Skill Distillation

A developer has created a system called "skill distillation" that uses frontier AI models like Opus 4.7 and GPT-5.1 to write procedural skill files, which are then executed by smaller local models like Qwen 35B or Gemma 26B running on personal computers. The system, built around a personal agent called Pi, transfers procedural knowledge through markdown files rather than compressing model weights, allowing the smaller model to follow step-by-step instructions without needing to understand the underlying task. This approach creates inspectable, versionable, and hot-swappable skills that can be automatically generated, tested, and refined overnight based on historical logs.

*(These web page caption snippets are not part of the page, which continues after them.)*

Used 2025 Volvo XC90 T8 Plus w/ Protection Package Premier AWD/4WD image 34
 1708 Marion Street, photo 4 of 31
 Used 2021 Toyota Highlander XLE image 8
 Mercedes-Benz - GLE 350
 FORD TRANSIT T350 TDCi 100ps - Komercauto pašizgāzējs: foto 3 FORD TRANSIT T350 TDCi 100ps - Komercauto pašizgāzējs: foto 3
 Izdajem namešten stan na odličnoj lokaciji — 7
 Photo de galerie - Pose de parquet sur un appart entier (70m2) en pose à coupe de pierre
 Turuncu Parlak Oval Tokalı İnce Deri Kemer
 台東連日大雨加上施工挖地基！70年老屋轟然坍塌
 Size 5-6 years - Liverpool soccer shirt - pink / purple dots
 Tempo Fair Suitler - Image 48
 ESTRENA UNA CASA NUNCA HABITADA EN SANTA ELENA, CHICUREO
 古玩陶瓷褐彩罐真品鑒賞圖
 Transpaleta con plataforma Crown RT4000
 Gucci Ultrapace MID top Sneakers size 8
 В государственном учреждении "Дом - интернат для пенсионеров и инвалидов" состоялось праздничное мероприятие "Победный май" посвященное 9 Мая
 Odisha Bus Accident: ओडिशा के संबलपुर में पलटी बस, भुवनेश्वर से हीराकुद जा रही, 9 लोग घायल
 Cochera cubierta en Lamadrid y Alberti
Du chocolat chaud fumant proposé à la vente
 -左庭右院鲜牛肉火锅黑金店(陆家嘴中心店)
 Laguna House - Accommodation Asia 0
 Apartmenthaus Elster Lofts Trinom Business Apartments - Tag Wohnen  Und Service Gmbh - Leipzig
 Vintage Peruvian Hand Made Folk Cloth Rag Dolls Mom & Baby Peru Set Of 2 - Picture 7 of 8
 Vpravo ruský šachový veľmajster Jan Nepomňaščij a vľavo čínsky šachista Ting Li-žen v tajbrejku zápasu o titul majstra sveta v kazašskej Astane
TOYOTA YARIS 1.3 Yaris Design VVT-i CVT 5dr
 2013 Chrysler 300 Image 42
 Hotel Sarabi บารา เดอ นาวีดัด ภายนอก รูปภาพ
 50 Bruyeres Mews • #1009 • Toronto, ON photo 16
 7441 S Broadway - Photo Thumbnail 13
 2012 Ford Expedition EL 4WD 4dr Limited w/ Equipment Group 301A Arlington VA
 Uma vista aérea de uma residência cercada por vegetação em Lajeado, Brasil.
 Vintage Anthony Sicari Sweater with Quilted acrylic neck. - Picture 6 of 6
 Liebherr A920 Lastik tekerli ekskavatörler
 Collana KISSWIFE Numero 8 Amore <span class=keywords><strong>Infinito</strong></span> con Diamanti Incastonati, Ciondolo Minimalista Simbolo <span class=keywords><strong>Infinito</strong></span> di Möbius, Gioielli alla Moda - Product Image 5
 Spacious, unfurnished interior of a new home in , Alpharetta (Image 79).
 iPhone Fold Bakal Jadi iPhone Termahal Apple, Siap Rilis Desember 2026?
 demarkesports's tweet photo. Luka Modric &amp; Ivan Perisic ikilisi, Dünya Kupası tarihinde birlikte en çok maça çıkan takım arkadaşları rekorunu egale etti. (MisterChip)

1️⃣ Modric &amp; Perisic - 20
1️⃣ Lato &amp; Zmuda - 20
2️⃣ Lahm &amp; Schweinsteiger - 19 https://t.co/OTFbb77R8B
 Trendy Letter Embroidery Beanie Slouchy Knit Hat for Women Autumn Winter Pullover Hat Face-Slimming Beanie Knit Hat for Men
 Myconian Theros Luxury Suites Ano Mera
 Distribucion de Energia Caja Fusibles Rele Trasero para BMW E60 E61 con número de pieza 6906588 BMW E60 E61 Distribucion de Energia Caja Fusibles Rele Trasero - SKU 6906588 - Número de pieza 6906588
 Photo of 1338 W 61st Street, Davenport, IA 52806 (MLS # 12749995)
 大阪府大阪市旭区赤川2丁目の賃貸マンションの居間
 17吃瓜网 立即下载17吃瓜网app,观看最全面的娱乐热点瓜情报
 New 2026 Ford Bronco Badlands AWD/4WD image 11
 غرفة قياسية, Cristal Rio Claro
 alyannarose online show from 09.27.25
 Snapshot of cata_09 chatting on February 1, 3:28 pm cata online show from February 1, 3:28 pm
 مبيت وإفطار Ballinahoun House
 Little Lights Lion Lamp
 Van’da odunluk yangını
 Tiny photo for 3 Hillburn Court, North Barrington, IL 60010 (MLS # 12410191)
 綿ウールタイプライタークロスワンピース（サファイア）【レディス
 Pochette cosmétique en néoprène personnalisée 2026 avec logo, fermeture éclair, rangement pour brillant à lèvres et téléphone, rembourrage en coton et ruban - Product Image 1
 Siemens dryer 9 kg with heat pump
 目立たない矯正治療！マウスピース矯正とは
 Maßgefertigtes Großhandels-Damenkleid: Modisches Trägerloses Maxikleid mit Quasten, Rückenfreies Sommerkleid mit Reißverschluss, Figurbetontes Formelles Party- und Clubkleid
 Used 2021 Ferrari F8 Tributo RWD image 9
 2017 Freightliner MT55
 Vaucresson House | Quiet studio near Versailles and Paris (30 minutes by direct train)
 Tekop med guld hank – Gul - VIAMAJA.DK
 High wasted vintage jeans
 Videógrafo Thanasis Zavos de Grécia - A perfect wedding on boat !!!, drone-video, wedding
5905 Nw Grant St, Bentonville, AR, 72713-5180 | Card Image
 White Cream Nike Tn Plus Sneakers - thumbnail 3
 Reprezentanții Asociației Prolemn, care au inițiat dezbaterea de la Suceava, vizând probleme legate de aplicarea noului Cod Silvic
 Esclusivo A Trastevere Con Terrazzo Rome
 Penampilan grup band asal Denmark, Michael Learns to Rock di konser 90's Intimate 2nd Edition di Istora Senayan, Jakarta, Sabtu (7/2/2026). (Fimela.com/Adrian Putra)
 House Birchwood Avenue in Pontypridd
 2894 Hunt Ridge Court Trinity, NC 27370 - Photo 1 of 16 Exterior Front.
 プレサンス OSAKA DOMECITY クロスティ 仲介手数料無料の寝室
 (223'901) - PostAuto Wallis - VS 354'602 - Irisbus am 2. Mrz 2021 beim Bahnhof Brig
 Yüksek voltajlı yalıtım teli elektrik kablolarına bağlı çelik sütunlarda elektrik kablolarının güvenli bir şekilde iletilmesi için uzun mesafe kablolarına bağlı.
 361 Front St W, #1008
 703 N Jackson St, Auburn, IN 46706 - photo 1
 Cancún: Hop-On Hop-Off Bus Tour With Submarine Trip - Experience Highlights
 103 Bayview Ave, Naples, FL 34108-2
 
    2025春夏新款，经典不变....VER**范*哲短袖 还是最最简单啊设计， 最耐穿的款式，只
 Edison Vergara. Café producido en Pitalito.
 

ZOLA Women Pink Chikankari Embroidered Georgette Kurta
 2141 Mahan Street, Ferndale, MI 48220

I’ve been using state-of-the-art models to teach small models running on my computer how I work. My personal agent, based on Pi https://github.com/earendil-works/pi , runs my inbox, my deal pipeline, my blog publishing, my calendar, & my research. It looks less like a chatbot & more like a small operating system. The first layer is QMD , a local markdown knowledge base of about eighty workflow files in ~/memories . Before answering any procedural question, the agent searches QMD for the right playbook.The second layer is Skills , atomic SKILL.md files that describe one job each. The skills are written by a frontier model. So are the evaluations that grade them. The same system writes, tests, and rewrites each skill until accuracy converges. It also checks recall against QMD, so the right keywords always surface the right skill. The third layer is the Agent Loop , a model running Plan → Tool Call → Observe → Refine, calling out to seventeen Rust APIs & a handful of MCP integrations. One of the techniques I’ve started to use is skill distillation . A frontier model, Opus 4.7, GPT-5.1, Gemini 3 Pro, authors & refines the skill files. A smaller model, Qwen 35B or Gemma 26B running locally, executes them. The teacher transfers procedural knowledge to the student through markdown. The skill is inspectable, versionable, & hot-swappable. This is fundamentally different from classical knowledge distillation, which compresses a big model’s soft probability outputs into a smaller model’s weights. It’s different from instruction tuning, which bakes behavior into weights through prompt-response pairs. It’s different from RAG, which retrieves facts. Skill distillation retrieves procedures . The smaller model doesn’t have to know how to evaluate a company. It just has to know how to follow the steps. Every night a system runs through historical logs to understand what new skills should be generated, mirroring the loop that Pete Koomen described at Y Combinator https://www.youtube.com/watch?v=B246K G7mHU earlier this week. The frontier model becomes a teacher. The library becomes the company’s institutional knowledge. The student becomes whichever model happens to be cheapest this quarter.